Para mí personalmente, es de crucial importancia la posible conversión del hijo mayor. Dentro de mí hay mucho del grupo con el que Jesús es tan crítico: los fariseos y los escribas. He estudiado los libros, conozco las leyes, y con frecuencia me presento como una autoridad en materia de religión. La gente me muestra mucho respeto, incluso me llama «reverendo.» He sido recompensado con cumplidos y alabanzas, con dinero, premios y aclamaciones. He sido muy crítico con algunas formas de comportamiento y a menudo he pronunciado juicios contra otros.

Así, cuando Jesús cuenta la parábola del hijo pródigo, yo debo escucharla consciente de que estoy más cerca de aquéllos que le escuchaban comentando: «Éste acoge a los pecadores y come con ellos.» ¿Me queda alguna posibilidad de volver al Padre y sentirme acogido en su casa? ¿O estoy tan atrapado en mis quejas farisaicas que estoy condenado, contra mi deseo, a permanecer fuera de casa, revolcándome en mi ira y mi resentimiento?
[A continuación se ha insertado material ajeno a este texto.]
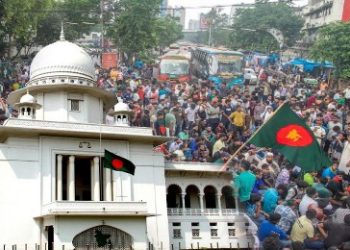 ‘ভারত যাদের মামাবাড়ি, বাংলা ছাড়ো তাড়াতাড়ি’ : বাংলাদেশে কোটা বিরোধী আন্দোলনে ভারত বিদ্বেষী শ্লোগান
Jesús dice: «Dichosos los pobres... dichosos los que ahora tenéis hambre... dichosos los que ahora lloráis...,» (Lc 6,20-21) pero yo ni soy pobre, ni tengo hambre ni lloro. Jesús dice: «Yo te alabo, Padre, Señor del cielo y de la tierra, porque has ocultado estas cosas a los sabios y prudentes.» (Lc 10,21) Es precisamente a este grupo, al de los sabios y entendidos, al que yo pertenezco. Jesús muestra su preferencia por los marginados de la sociedad -los pobres, los enfermos, los pecadores- y yo no soy ciertamente un marginado. La dolorosa pregunta que me llega a través del Evangelio es: «¿Ya he recibido mi recompensa?» Jesús es muy crítico con los que «oran de pie en las sinagogas y en las esquinas de las plazas para que los vea la gente.» (Mt 6,5) De ellos dice: «Os aseguro que ya han recibido su recompensa.» Con todo lo que he escrito y hablado sobre la oración y con toda la publicidad de la que disfruto, no puedo menos que preguntarme si estas palabras irán dirigidas a mí.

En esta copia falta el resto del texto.